In American historiography, in the tradition of George Bancroft , but also by British Whigs such as George Otto Trevelyan , the revolution was often portrayed as a heroic struggle for freedom against a tyrannical monarchy.After 1900, American historians in particular increasingly questioned the ideological premises and the nationalist pathos of such a monarchy Presentation. At the beginning of the century two new “schools” of historiography emerged: on the one hand the Progressive School around Charles Beard , which described the revolution as a class conflict, and on the other hand the so-called Imperial School around Charles McLean Andrews , Levi Osgood and George L. Beer which demanded a de-ideologized, scientifically objective representation of the colonial era. This was accompanied on the one hand by an emphasis on the history of institutions (contrary to an event-historical or biographical method) and on the other hand by the conviction that the revolution can only be represented and interpreted in the overall structure of the British Empire. While American historiography had relied almost exclusively on American archives from its beginnings with Jeremy Belknap to Bancroft and beyond, Andrews and later Gipson made the relevant material accessible in Europe, particularly in the London Public Record Office . While Andrews still had the objective presentation of historical facts through a source-critical methodology over their interpretation, Gipson's work had a noticeably pro-Critical tendency from the beginning; Some reviewers such as Jackson Turner Main explained this attitude, which is strange for an American historian, not least with the assumption that Gipson might have relied too much on the English archives over the American archives and that the "official" British view ultimately rubbed off on him.

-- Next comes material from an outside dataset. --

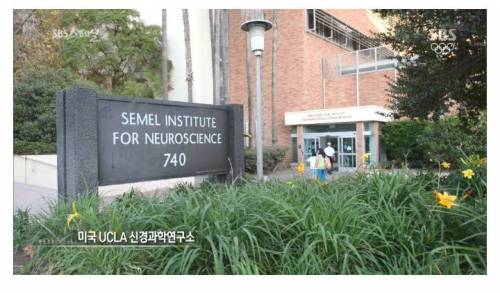[스압] 나이 먹으면 머리가 안 돌아간다는 말은 핑계.jpg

Robert Middlekauff sees in the probritic tenor Gipsons the decisive difference to the imperials of the previous generation: if Andrews had ascribed the economic and political flourishing of the colonies to a fortunate coincidence, for Gipson this was to the credit of the British government, which selflessly and far-sighted the further development of their colonies I deliberately planned colonies for the benefit of the colonies and the empire as a whole. Gipson also questions the idea of ​​a salutary neglect in political terms. While Andrews shared the traditional view that the British Parliament had little interference in the internal affairs of its colonies before the Seven Years War, Gipson insisted that such interference was commonplace and taken for granted before 1750. The complaints of the revolutionaries about the restrictions introduced after 1750 therefore appear to Gipson as a rhetorical maneuver without any factual basis.

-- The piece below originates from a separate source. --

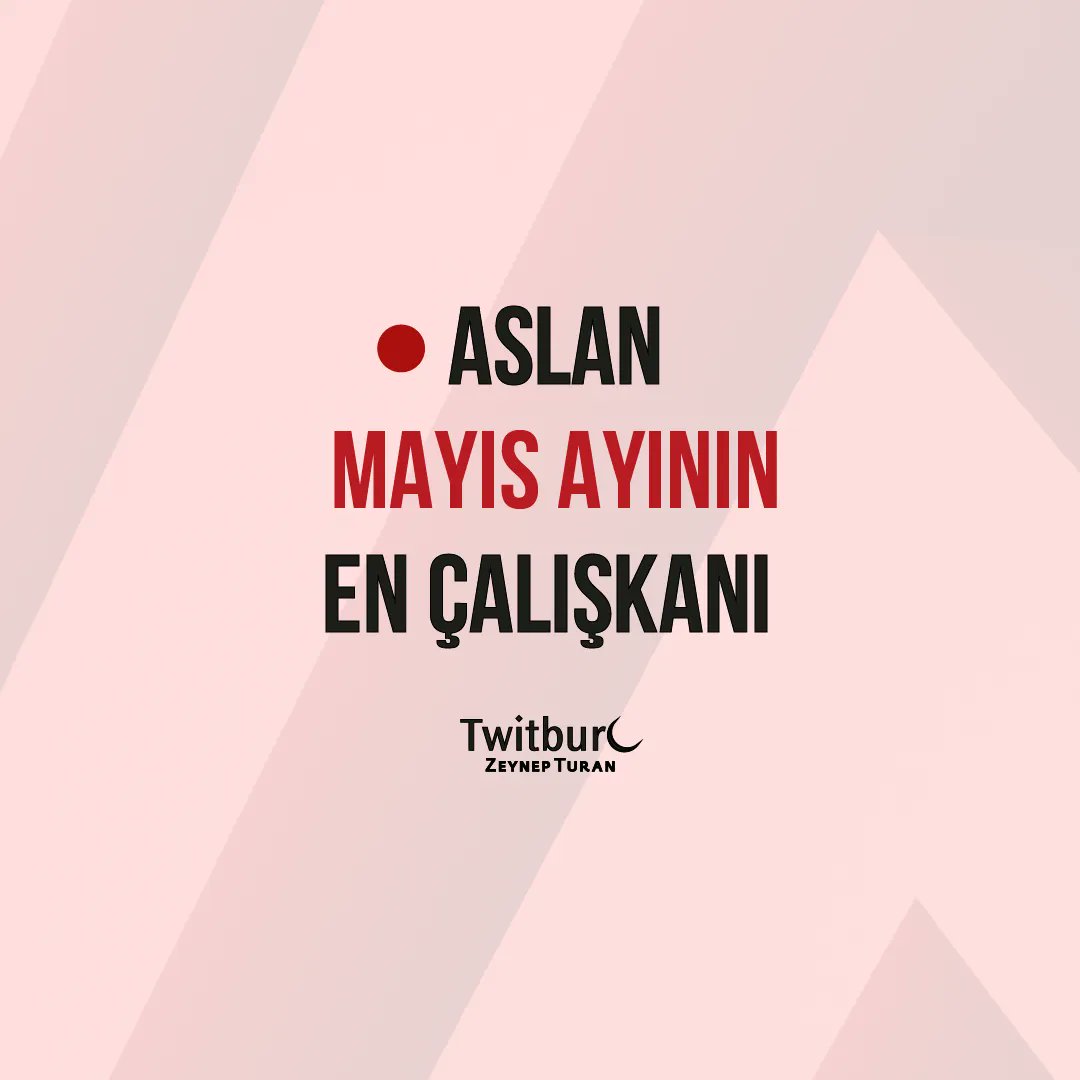 Zeynep Turan tweet media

The British Empire before the American Revolution

The British Empire before the American Revolution is a comprehensive overview of the economic, social and political development of the British Empire from 1748 to 1776, with a special focus on the colonies in North America and their revolt, which culminated in the Declaration of Independence of the United States in 1776 . Gipson underscored his claim to completeness with interspersed chapters on developments on the periphery of the empire, such as India, Newfoundland and Gibraltar. The first of the fifteen volumes presents the political development of the British Isles, in particular the closer ties between Ireland and Scotland and England in the United Kingdom (which, according to Gipson, could have modeled the British colonization of North America). The development of the colonies up to 1748 is the subject of volumes II and III. Volumes IV and V describe the prehistory of the Seven Years' War , volumes VI and VII the course of the war. In the following four volumes, Gipson traces how the efforts of Great Britain to reorganize the world empire after the Peace of Paris in 1763 led to the American Revolution and ultimately to the loss of the Thirteen Colonies . The last three volumes offer a summary, a historiographical overview as well as a detailed bibliography and archive overview.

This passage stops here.